Training on single CPU.
|========================================================================================|
|  Epoch  |  Iteration  |  Time Elapsed  |  Mini-batch  |  Mini-batch  |  Base Learning  |
|         |             |   (hh:mm:ss)   |     RMSE     |     Loss     |      Rate       |
|========================================================================================|
|       1 |           1 |       00:00:00 |         7.13 |         50.8 |          0.0010 |
|       2 |          30 |       00:00:13 |         1.18 |          1.4 |          0.0010 |
|       4 |          60 |       00:00:25 |         0.98 |          1.0 |          0.0010 |
|       5 |          90 |       00:00:35 |         0.59 |          0.3 |          0.0010 |
|       7 |         120 |       00:00:46 |         0.53 |          0.3 |          0.0010 |
|       9 |         150 |       00:00:57 |         0.63 |          0.4 |          0.0010 |
|      10 |         180 |       00:01:07 |         0.45 |          0.2 |          0.0010 |
|      12 |         210 |       00:01:18 |         0.39 |          0.2 |          0.0010 |
|      14 |         240 |       00:01:28 |         0.60 |          0.4 |          0.0010 |
|      15 |         270 |       00:01:39 |         0.42 |          0.2 |          0.0010 |
|      17 |         300 |       00:01:49 |         0.35 |          0.1 |          0.0010 |
|      19 |         330 |       00:02:00 |         0.47 |          0.2 |          0.0010 |
|      20 |         360 |       00:02:10 |         0.36 |          0.1 |          0.0010 |
|      22 |         390 |       00:02:21 |         0.34 |          0.1 |          0.0010 |
|      24 |         420 |       00:02:32 |         0.44 |          0.2 |          0.0010 |
|      25 |         450 |       00:02:42 |         0.54 |          0.3 |          0.0010 |
|      27 |         480 |       00:02:52 |         0.39 |          0.2 |          0.0010 |
|      29 |         510 |       00:03:03 |         0.44 |          0.2 |          0.0010 |
|      30 |         540 |       00:03:13 |         0.37 |          0.1 |          0.0010 |
|========================================================================================|
Training finished: Max epochs completed.
Detector training complete.
*************************************************************************

Verify the training accuracy by inspecting the training loss for each iteration.

figure
plot(info.TrainingLoss)
grid on
xlabel("Number of Iterations")
ylabel("Training Loss for Each Iteration")

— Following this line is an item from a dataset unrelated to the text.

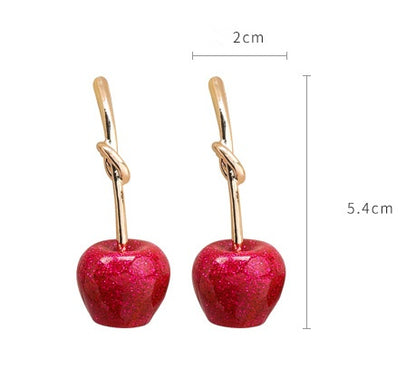 Fashion Women Sequins Flashing Red Cherry Earrings Sweet Wild Golden Cherry Earrings Knotted Stud Earrings For Women-Jewearrings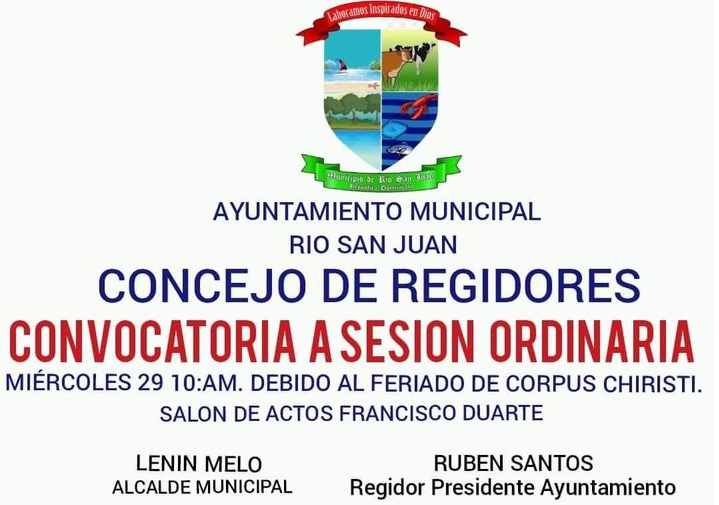 Segunda sesión de la nueva Sala Capitular de Río San Juan será este miércoles a las 10:00 a.m. en la sede municipal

Figure contains an axes object. The axes object with xlabel Number of Iterations, ylabel Training Loss for Each Iteration contains an object of type line.

Read a test image into the workspace.

img = imread("detectcars.png");

Run the trained YOLO v2 object detector on the test image for vehicle detection.

[bboxes,scores] = detect(trainedDetector,img);

Display the detection results.

if(~isempty(bboxes))
    img = insertObjectAnnotation(img,"rectangle",bboxes,scores);
end
figure
imshow(img)

Figure contains an axes object. The hidden axes object contains an object of type image.